Changes in Intestinal Microbiota and Their Relationship With Patient Characteristics in Colorectal CancerOriginal paper
What was studied?
Researchers compared gut microbiota composition between 18 colorectal cancer (CRC) patients and 18 healthy controls using fecal samples collected at Northern Jiangsu People's Hospital. They asked whether microbiota differences track with clinical features like tumor stage and lymph node metastasis.
How was it studied?
Fecal samples underwent 16S rRNA gene sequencing with alpha and beta diversity analysis. PICRUSt2 software predicted differential microbial functions, and subgroup comparisons examined sex, tumor site, invasion depth, and lymph node status.
What did they find?
Firmicutes and Bacteroidetes dominated both groups, but Verrucomicrobia was significantly enriched in CRC patients (1.17% vs 0.04%). Megamonas, Lachnospira, and Romboutsia were more abundant in controls, and 18 genera differed significantly overall, linked to 21 metabolic pathways.
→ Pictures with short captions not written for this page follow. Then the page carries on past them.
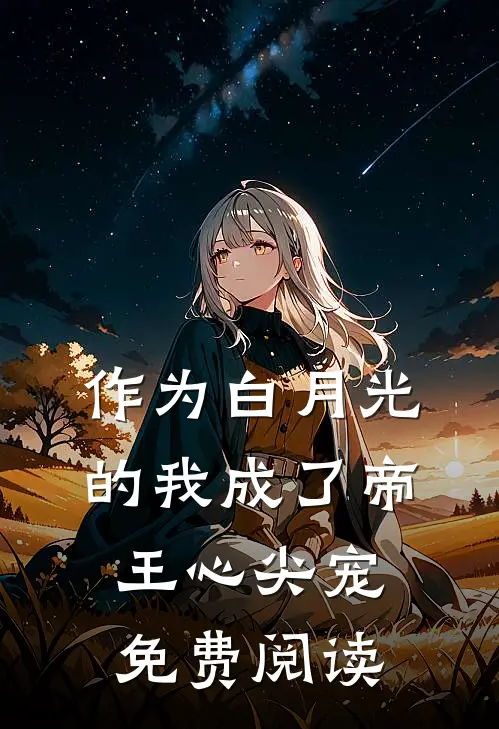 作为白月光的我成了帝王心尖宠免费阅读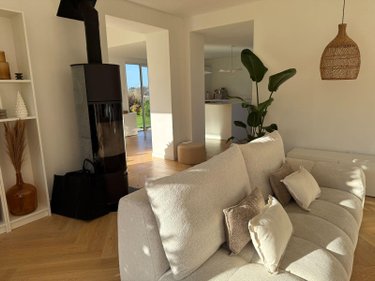 Maison a vendre Briec 29510 Finistère 170 m2 7 pièces 446900 euros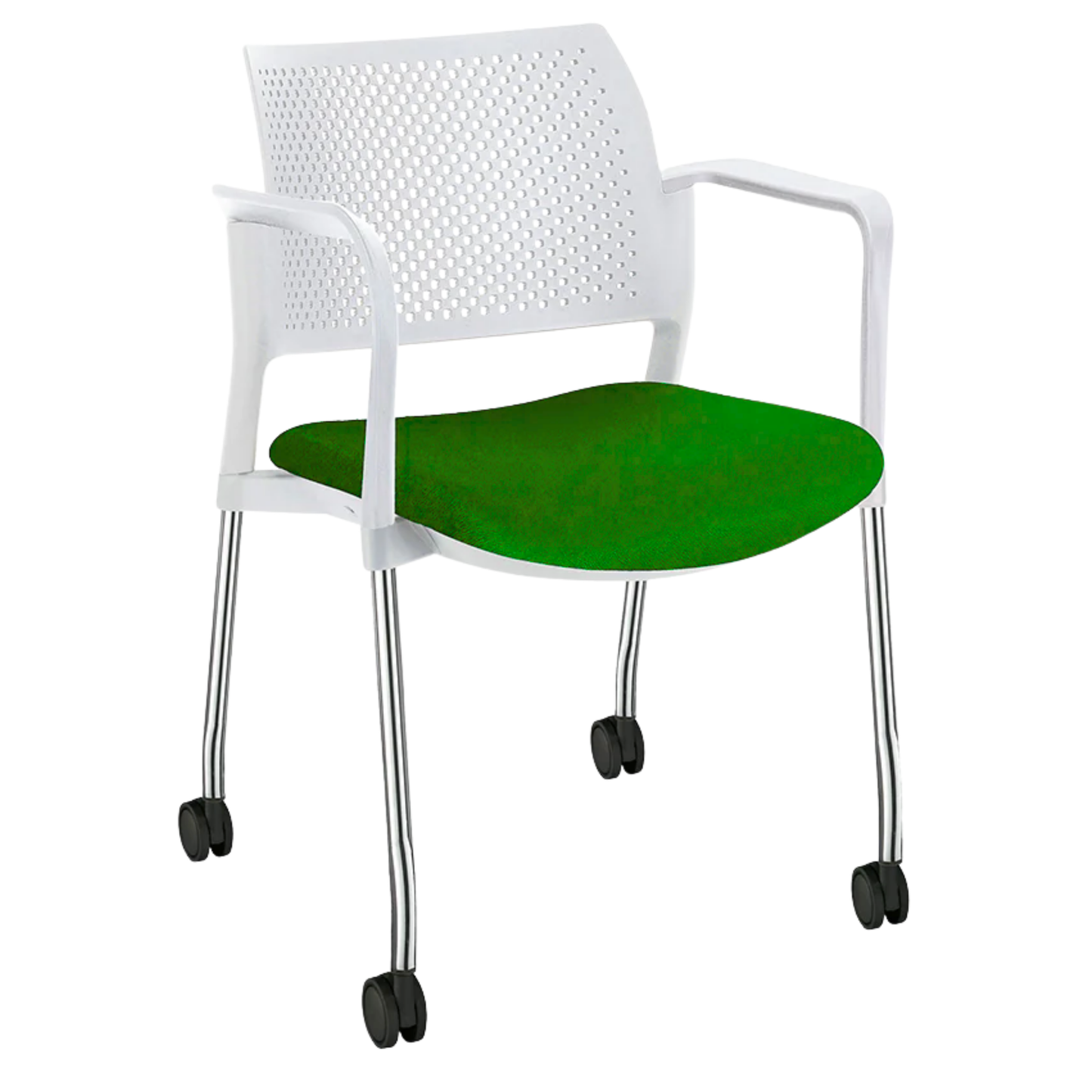 KYOS OHV-354CR BASE BLANCA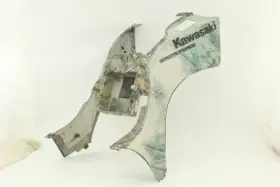 36001-0066-826 Kawasaki 2006 Brute Force 650 Fuel Gas Tank Cover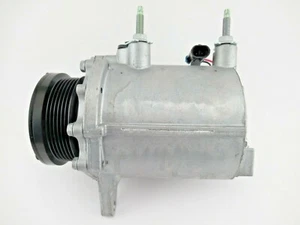 New A/C Compressor 15-20752 fits 01-02 Oldsmobile Aurora 3.5L-V6 - Picture 1 of 4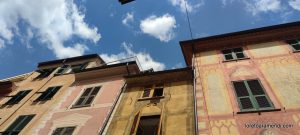 Organ concert - Recco - Liguria - Italy - August 2024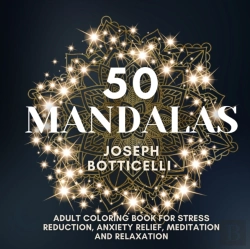 Bertrand.pt - 50 Mandalas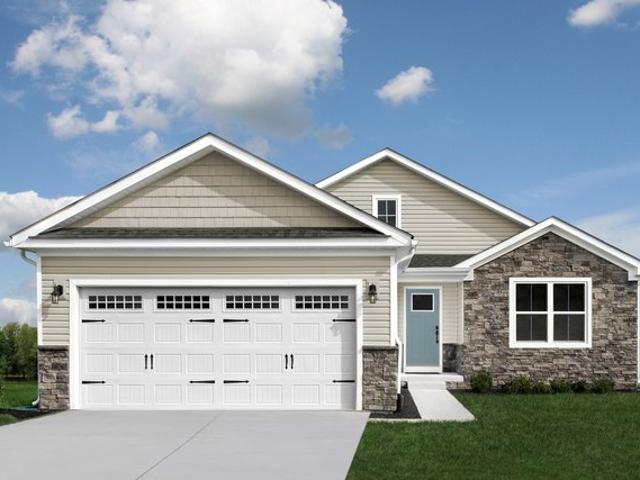 House for sale in Perry, Pike County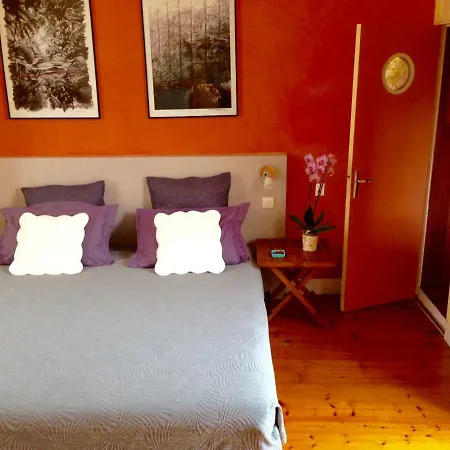 Le Patio Maison De Charme 150m Et Hyper Centre Nyaraló La Rochelle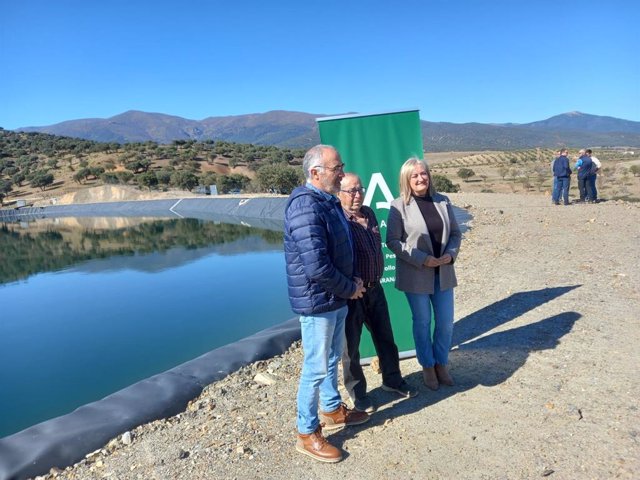 Visita a Lugros (Granada).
Chao1 and observed-species diversity were lower in CRC patients. Among CRC patients with lymph node metastasis, Rothia and Streptococcus were elevated while Bacteroides, Parabacteroides, and Oscillibacter were reduced.
Why it matters
The findings suggest gut microbiota shifts, particularly Verrucomicrobia enrichment and loss of specific genera, may track with CRC development and progression, including lymph node spread. The authors note the small sample size and 16S-only approach as limitations requiring metagenomic validation.